Assignment - Find the "КАЧЕСТВО! СКИДКИ! Рулонные" line in the records below and repeat it and every later line exactly, up to the last; do not include pictures.

[Records drawn from a dataset]
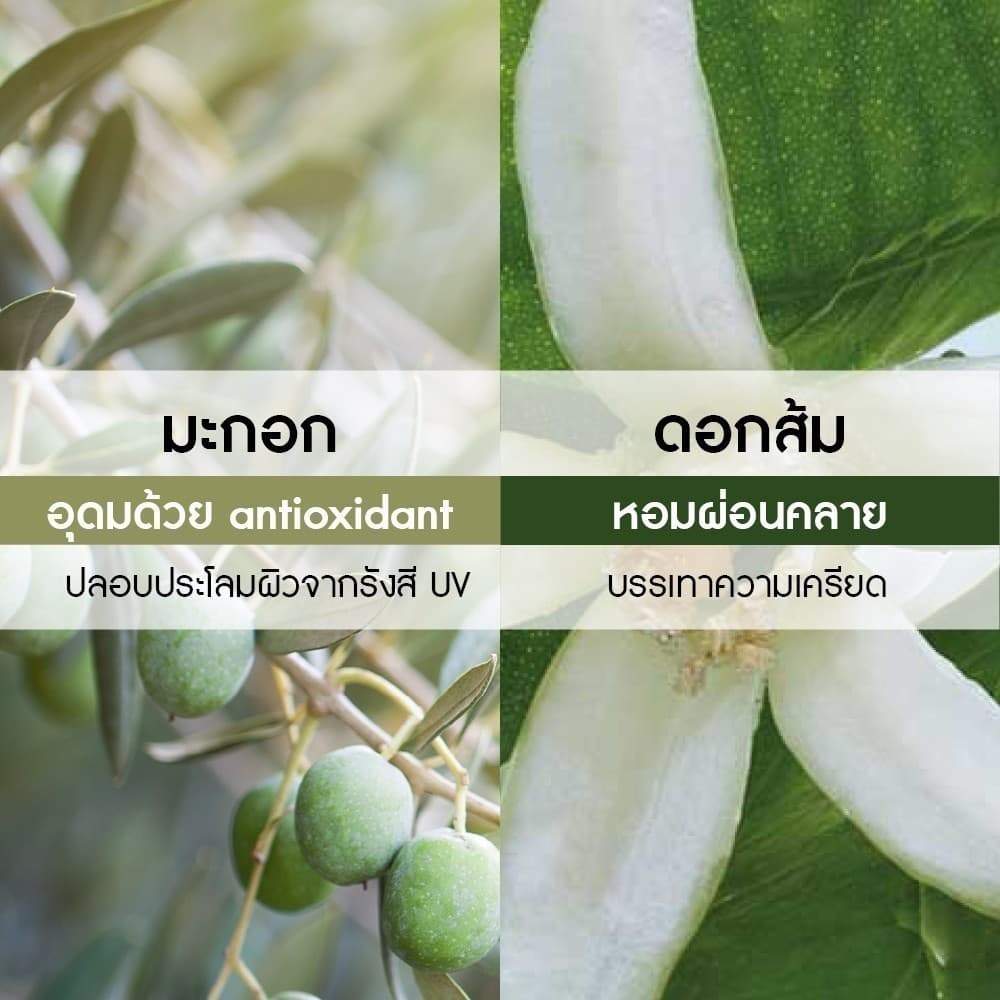 อีฟ โรเช Yves Rocher Olive & Petitgrain Relaxing Body Lotion 390 มล. & Shower Gel 400 มล. รูปที่ 4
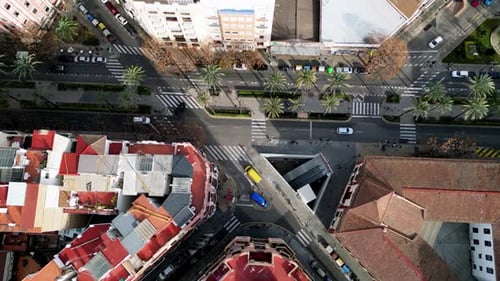 Aerial View of Urban Cityscape with Palm Trees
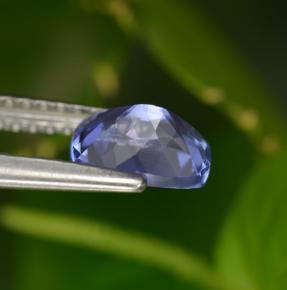 Tanzanite bleue naturelle coupe coussin, 0,90 ct, VVS-VS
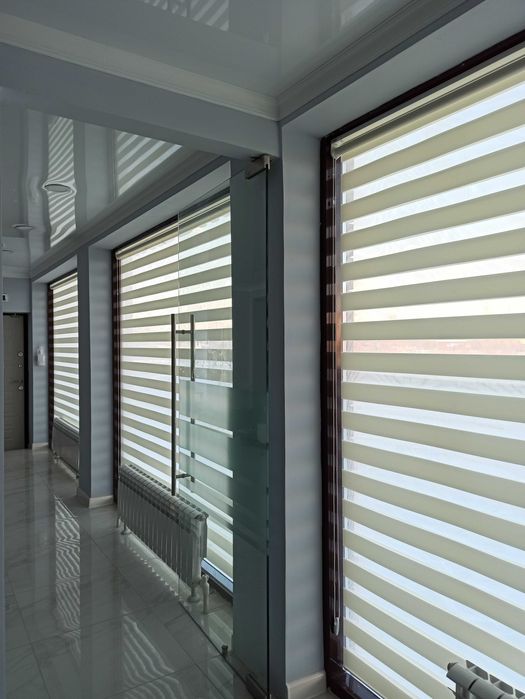 КАЧЕСТВО! СКИДКИ! Рулонные шторы ЗЕБРА от фирмы CLASSIC.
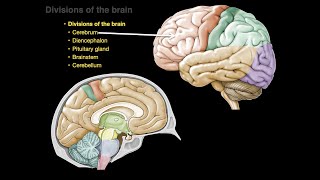 Divisions of the brain [upl. by Andeee]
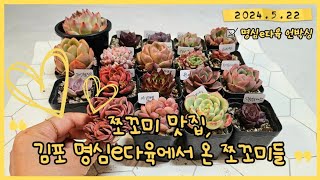 김포 명심e다육 쪼꼬미들 19포트 언박싱 해요🎁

Output for this exercise -
 КАЧЕСТВО! СКИДКИ! Рулонные шторы ЗЕБРА от фирмы CLASSIC.
 Divisions of the brain [upl. by Andeee]
 김포 명심e다육 쪼꼬미들 19포트 언박싱 해요🎁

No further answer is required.